How can anyone put together an investment portfolio when the tax cost is unknown?
I have sat in on a lot of meetings with clients as various financial advisers, money managers, and institutional relationship officers present their latest investment allocation model.
What is clearly missing from the equation in the analysis of the projected portfolio's performance is the impact of potential tax scenarios.
As of now, what will be the tax law applicable on investment earnings, gains, and losses is at best uncertain and at worst devastating.
The Obama administration has presented its revenue proposals, which will have significant consequences as to final investment returns. Even more so are the changes in any investment portfolio design.
Congress isn’t giving any comfort. Both Democrats and Republicans are positioning themselves for the election so nothing being said currently is anywhere near reliable.
The Tea Party members of Congress are unable to convince either party's Congressional leadership of the need to reduce tax rate levels and cut spending. The actual amount of deficit is growing and the value of the dollar is diminishing.
What does it mean to an investor to have a Dow at 13,000 when the purchasing power of the dollar is diluting as fast as the Federal Reserve prints money out of thin air.
It's not above Congress to pass retroactive tax legislation. This means that current reliance on existing tax law might well be misplaced.
Clearly, the Obama administration and the Congressional leadership of both parties are planning on increasing borrowing, the Fed printing more fiat currency, and spending even billions more than any possible tax revenue can be collected.
It doesn't take a psychic to see that if there is no agreement in Congress and whoever the president is, the current tax rates will sunset and investors will be subject to the pre-Bush tax rates.
Have you considered that likelihood in your choice of investments?
What do you think will happen later this year when the financial world wakes up and starts to realize that dividends are likely to be taxed as ordinary income instead of at capital gains rates?
Will there be a rush to sell dividend paying stocks to get into something that will represent a store of value even if it doesn't generate current income?
As the market is more or less 70 percent or so program trading, what is going to happen when the algorithms kick in?

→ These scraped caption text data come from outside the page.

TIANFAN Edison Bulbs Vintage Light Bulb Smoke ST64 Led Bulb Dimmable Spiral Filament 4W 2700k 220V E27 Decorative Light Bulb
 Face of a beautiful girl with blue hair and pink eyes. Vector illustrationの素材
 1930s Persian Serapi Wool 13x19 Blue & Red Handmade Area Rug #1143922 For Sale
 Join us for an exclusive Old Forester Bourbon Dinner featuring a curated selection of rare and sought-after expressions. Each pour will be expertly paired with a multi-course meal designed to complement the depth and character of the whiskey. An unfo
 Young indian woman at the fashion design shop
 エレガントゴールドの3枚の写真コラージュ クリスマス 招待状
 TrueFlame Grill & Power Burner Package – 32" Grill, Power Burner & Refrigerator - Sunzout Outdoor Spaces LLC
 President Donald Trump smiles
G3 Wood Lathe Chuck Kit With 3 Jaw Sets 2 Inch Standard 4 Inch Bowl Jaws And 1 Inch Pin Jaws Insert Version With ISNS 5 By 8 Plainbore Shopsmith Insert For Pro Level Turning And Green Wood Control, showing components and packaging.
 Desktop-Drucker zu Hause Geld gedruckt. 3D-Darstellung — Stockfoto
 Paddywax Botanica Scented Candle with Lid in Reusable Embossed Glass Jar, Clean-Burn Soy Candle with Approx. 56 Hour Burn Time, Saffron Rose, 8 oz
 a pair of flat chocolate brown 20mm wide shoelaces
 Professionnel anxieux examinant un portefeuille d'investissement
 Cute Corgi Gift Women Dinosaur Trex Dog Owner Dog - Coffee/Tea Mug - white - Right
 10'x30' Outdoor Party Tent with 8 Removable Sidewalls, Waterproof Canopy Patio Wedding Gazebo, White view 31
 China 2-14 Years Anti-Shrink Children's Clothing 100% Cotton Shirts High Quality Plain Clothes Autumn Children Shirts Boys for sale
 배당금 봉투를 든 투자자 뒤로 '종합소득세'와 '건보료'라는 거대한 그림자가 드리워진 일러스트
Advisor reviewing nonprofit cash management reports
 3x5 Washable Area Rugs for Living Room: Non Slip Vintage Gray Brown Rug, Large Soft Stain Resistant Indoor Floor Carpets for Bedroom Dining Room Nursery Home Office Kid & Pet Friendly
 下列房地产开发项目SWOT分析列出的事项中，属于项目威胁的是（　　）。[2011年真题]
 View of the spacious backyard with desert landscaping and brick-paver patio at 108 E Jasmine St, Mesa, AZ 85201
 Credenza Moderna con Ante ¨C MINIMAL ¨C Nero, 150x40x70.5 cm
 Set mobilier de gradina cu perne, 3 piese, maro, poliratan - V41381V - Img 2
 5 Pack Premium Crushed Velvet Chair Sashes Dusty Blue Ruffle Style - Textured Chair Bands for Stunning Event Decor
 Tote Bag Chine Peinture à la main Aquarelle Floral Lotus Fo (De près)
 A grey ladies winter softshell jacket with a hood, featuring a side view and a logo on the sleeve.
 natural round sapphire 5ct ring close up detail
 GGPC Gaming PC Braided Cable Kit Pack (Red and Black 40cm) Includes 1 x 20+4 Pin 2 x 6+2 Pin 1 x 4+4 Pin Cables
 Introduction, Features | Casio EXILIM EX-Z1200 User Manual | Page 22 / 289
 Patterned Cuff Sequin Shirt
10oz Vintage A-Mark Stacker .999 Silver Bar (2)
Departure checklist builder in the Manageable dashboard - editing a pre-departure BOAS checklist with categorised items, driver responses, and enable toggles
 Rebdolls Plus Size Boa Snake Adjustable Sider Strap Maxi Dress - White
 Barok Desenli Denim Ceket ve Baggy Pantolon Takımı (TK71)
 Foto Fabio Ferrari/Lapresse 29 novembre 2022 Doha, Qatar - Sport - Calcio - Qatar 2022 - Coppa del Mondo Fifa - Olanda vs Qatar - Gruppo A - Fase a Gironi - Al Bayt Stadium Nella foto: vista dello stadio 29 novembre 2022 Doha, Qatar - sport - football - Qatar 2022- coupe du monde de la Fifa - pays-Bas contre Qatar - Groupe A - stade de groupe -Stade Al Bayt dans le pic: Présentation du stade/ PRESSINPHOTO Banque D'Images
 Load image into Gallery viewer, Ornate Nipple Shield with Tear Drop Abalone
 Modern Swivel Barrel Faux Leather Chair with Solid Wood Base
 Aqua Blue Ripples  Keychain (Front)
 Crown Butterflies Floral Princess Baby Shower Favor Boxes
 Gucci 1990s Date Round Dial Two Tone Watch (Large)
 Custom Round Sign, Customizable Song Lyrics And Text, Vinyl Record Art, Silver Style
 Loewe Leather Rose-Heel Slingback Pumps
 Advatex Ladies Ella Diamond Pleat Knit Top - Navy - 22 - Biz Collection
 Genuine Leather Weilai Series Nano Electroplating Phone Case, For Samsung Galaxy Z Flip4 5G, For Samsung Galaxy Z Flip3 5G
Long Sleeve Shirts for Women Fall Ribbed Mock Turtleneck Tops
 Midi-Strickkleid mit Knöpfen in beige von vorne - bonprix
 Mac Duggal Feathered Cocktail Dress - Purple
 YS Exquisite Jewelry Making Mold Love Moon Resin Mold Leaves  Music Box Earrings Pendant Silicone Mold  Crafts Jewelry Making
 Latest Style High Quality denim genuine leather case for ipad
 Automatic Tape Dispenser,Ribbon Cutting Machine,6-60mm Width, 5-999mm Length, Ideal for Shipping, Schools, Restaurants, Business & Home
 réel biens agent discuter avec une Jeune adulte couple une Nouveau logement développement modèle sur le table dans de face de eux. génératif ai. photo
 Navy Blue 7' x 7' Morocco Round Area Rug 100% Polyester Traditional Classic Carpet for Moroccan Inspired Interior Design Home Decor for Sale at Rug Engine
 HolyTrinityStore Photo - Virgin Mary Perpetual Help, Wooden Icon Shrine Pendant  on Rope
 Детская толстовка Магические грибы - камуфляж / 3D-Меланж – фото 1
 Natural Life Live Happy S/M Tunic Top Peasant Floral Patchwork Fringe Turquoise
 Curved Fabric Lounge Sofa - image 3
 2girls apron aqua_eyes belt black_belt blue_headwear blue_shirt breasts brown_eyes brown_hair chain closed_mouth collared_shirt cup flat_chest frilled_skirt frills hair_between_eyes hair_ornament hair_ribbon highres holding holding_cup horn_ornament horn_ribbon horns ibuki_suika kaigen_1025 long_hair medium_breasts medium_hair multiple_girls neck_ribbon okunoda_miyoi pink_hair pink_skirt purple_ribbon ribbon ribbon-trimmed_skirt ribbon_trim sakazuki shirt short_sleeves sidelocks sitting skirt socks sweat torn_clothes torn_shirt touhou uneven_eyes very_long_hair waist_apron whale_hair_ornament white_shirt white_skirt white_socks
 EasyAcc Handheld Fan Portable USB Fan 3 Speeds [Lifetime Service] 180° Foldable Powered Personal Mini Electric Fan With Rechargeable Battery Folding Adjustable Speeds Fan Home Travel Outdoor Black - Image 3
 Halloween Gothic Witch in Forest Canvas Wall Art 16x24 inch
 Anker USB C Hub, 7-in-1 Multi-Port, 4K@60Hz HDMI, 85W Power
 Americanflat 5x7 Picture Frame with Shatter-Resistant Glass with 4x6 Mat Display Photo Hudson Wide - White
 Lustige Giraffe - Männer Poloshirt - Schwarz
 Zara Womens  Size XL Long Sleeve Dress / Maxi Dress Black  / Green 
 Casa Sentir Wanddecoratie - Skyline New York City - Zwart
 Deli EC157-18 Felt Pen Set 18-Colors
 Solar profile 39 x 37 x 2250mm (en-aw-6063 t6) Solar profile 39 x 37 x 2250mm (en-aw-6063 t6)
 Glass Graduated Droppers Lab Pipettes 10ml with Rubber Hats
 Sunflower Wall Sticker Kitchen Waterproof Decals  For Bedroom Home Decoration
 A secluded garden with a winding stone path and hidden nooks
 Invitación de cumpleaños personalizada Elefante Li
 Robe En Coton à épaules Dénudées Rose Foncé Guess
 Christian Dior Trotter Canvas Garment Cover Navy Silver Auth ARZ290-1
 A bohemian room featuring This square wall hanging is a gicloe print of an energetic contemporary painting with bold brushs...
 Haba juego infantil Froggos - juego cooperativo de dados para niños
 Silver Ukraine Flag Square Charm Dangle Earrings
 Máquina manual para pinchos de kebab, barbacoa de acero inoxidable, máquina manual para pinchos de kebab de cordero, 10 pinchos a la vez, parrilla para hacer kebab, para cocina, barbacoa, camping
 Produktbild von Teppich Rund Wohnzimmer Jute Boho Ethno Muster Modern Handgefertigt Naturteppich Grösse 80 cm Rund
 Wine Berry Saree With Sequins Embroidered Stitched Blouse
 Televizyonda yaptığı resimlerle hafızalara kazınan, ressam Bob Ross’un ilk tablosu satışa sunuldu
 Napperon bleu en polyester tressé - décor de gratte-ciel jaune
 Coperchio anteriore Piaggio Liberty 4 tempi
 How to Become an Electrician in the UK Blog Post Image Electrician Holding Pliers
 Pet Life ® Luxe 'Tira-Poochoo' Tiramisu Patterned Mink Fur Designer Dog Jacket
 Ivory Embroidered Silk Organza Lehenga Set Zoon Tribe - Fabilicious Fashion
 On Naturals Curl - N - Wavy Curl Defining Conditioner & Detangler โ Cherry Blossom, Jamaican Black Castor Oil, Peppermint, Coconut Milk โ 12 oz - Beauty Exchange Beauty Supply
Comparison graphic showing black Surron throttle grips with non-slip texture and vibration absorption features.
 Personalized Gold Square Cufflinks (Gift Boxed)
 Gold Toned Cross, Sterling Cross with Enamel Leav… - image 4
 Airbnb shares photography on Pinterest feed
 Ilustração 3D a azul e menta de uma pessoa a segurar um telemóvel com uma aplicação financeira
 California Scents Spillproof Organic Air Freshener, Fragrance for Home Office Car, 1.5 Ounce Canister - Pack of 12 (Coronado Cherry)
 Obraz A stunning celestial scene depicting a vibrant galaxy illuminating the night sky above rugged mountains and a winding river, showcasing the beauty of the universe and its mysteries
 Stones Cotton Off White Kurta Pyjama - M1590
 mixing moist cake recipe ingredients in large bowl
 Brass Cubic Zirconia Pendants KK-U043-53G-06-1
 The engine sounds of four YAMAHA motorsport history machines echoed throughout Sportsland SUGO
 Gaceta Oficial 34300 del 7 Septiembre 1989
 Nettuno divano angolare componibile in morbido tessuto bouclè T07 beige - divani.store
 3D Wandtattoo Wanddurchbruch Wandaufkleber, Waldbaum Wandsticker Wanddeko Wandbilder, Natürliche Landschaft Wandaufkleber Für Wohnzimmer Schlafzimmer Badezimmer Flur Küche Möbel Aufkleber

Will the market go up or will a selloff in mass cause a major drop?
There is also a sleeper which nearly all investment people overlook when it comes to investment portfolio design.
Let's assume that the Obama administration's estate, gift, and generation skipping taxes are at the 2009 levels. That is, a $3.5 million estate tax exemption but only a $1 million gift exemption. Combine that with a modification of the valuation rules and limitations on the GRAT technique, and estate planning becomes a very expensive and even more difficult exercise.
The wide-spread belief is that the "market" takes into account events that may occur six months in the future. I don't think that's exactly true. I think the "market" has a short term view based on data, the herd mentality, and trading.
Analyzing tax law isn’t the main focus for such a fast moving crowd, generally.
What counts at the end of the day is how much money is left after paying the investment cost of tax.
What that tax cost will be is unknown. What is known is that it’s a major factor in creating a volatile investment environment.